» **The problem**
Output all records below verbatim.

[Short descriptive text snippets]

★ ★ ★ ★ ★ ★ ★

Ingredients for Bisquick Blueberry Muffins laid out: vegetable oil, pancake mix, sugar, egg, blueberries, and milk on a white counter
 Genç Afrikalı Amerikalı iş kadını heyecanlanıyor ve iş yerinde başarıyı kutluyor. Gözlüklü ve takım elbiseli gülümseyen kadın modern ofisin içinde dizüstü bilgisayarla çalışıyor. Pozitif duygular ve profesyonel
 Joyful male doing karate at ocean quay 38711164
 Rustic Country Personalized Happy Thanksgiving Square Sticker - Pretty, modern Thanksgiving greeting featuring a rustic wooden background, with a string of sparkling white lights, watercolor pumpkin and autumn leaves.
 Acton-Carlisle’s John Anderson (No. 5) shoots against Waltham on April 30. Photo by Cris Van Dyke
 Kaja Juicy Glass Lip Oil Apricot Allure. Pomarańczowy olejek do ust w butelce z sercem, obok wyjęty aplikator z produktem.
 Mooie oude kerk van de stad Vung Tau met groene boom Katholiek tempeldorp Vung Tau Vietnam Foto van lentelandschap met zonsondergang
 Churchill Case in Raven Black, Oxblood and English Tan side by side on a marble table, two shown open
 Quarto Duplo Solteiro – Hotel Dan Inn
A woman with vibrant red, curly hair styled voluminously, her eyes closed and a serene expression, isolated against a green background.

★ ★ ★ ★ ★ ★ ★

» **Expected answer**
Ingredients for Bisquick Blueberry Muffins laid out: vegetable oil, pancake mix, sugar, egg, blueberries, and milk on a white counter
 Genç Afrikalı Amerikalı iş kadını heyecanlanıyor ve iş yerinde başarıyı kutluyor. Gözlüklü ve takım elbiseli gülümseyen kadın modern ofisin içinde dizüstü bilgisayarla çalışıyor. Pozitif duygular ve profesyonel
 Joyful male doing karate at ocean quay 38711164
 Rustic Country Personalized Happy Thanksgiving Square Sticker - Pretty, modern Thanksgiving greeting featuring a rustic wooden background, with a string of sparkling white lights, watercolor pumpkin and autumn leaves.
 Acton-Carlisle’s John Anderson (No. 5) shoots against Waltham on April 30. Photo by Cris Van Dyke
 Kaja Juicy Glass Lip Oil Apricot Allure. Pomarańczowy olejek do ust w butelce z sercem, obok wyjęty aplikator z produktem.
 Mooie oude kerk van de stad Vung Tau met groene boom Katholiek tempeldorp Vung Tau Vietnam Foto van lentelandschap met zonsondergang
 Churchill Case in Raven Black, Oxblood and English Tan side by side on a marble table, two shown open
 Quarto Duplo Solteiro – Hotel Dan Inn
A woman with vibrant red, curly hair styled voluminously, her eyes closed and a serene expression, isolated against a green background.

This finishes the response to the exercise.